Records excerpted from a collection>
/---

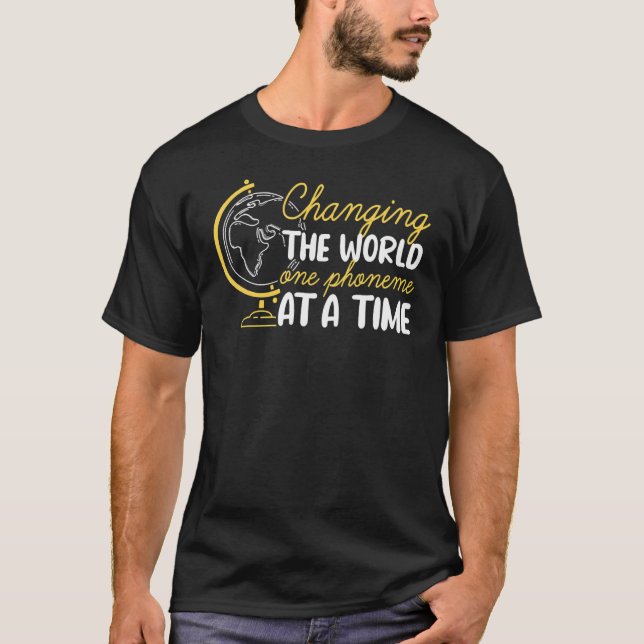 Die Welt verändern  Dyslexie Dyslexie-Bewusstsein  T-Shirt (Vorderseite)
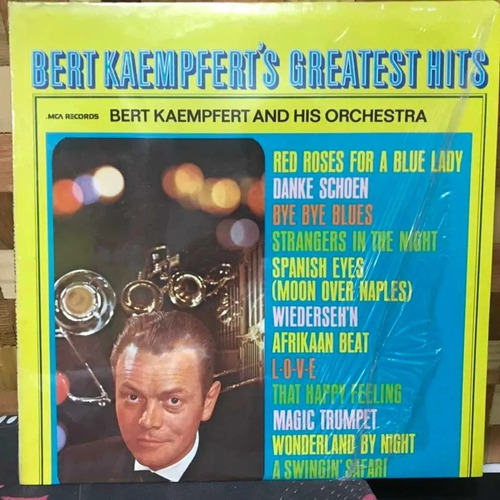 Bert Kaempfert Greatest Hits Vinilo Importado Usa Impecable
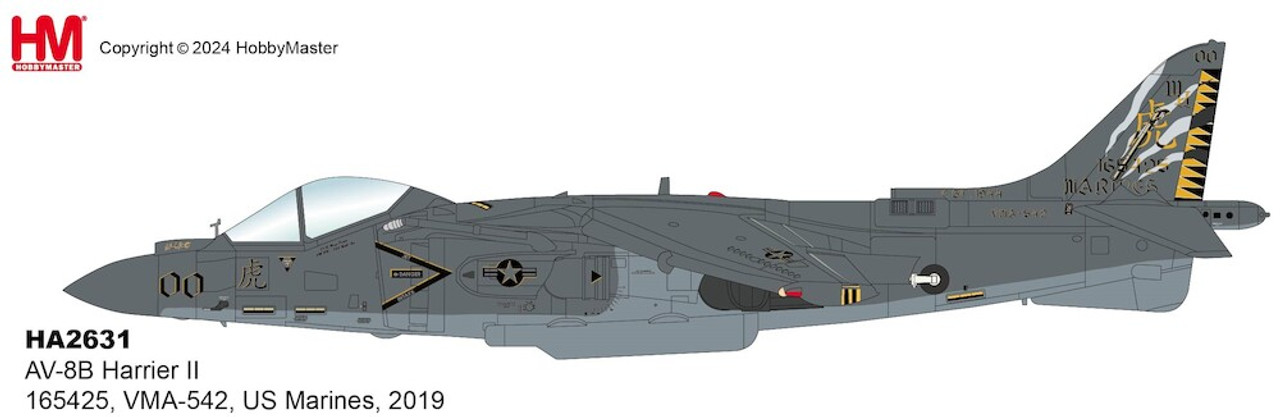 Hobby Master USM Marines AV-8B Harrier II VMA-542, US Marines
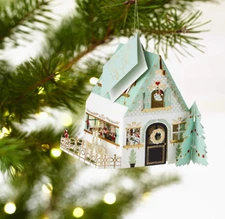 Signature Pop Up Christmas Card, 3D Santa's House Ornament New Year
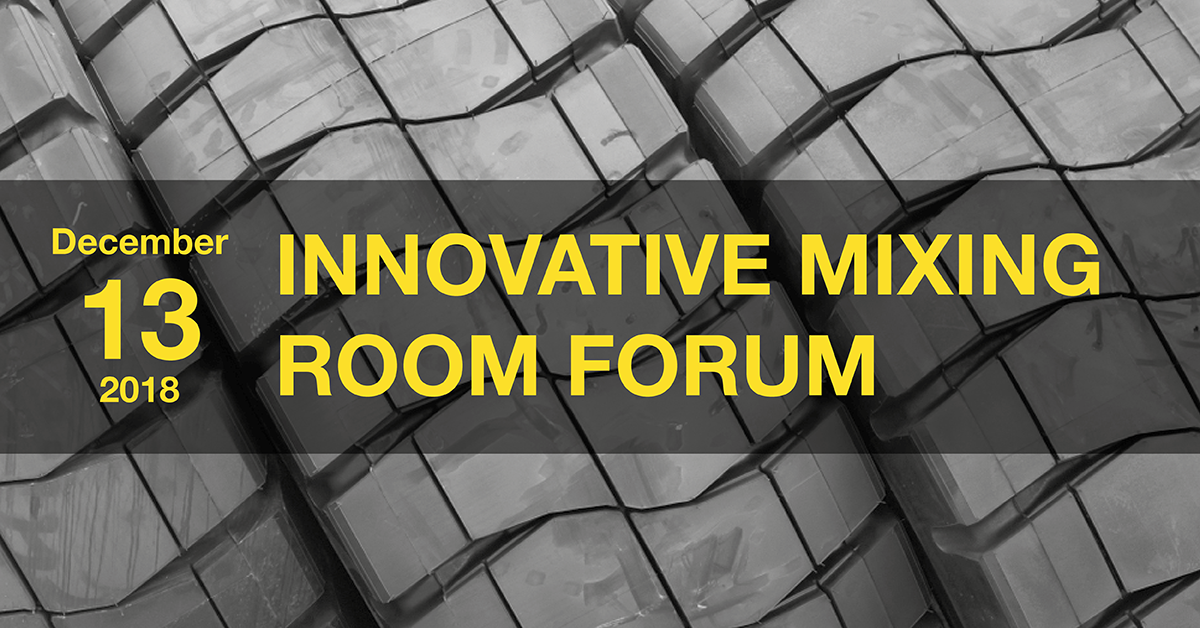 Innovative Mixing Room Forum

\---

Work request> In the records above, find the line that contains "Hobby Master USM". Print it and every later line exactly, omitting the pictures.

Problem solution>
 Hobby Master USM Marines AV-8B Harrier II VMA-542, US Marines
 Signature Pop Up Christmas Card, 3D Santa's House Ornament New Year
 Innovative Mixing Room Forum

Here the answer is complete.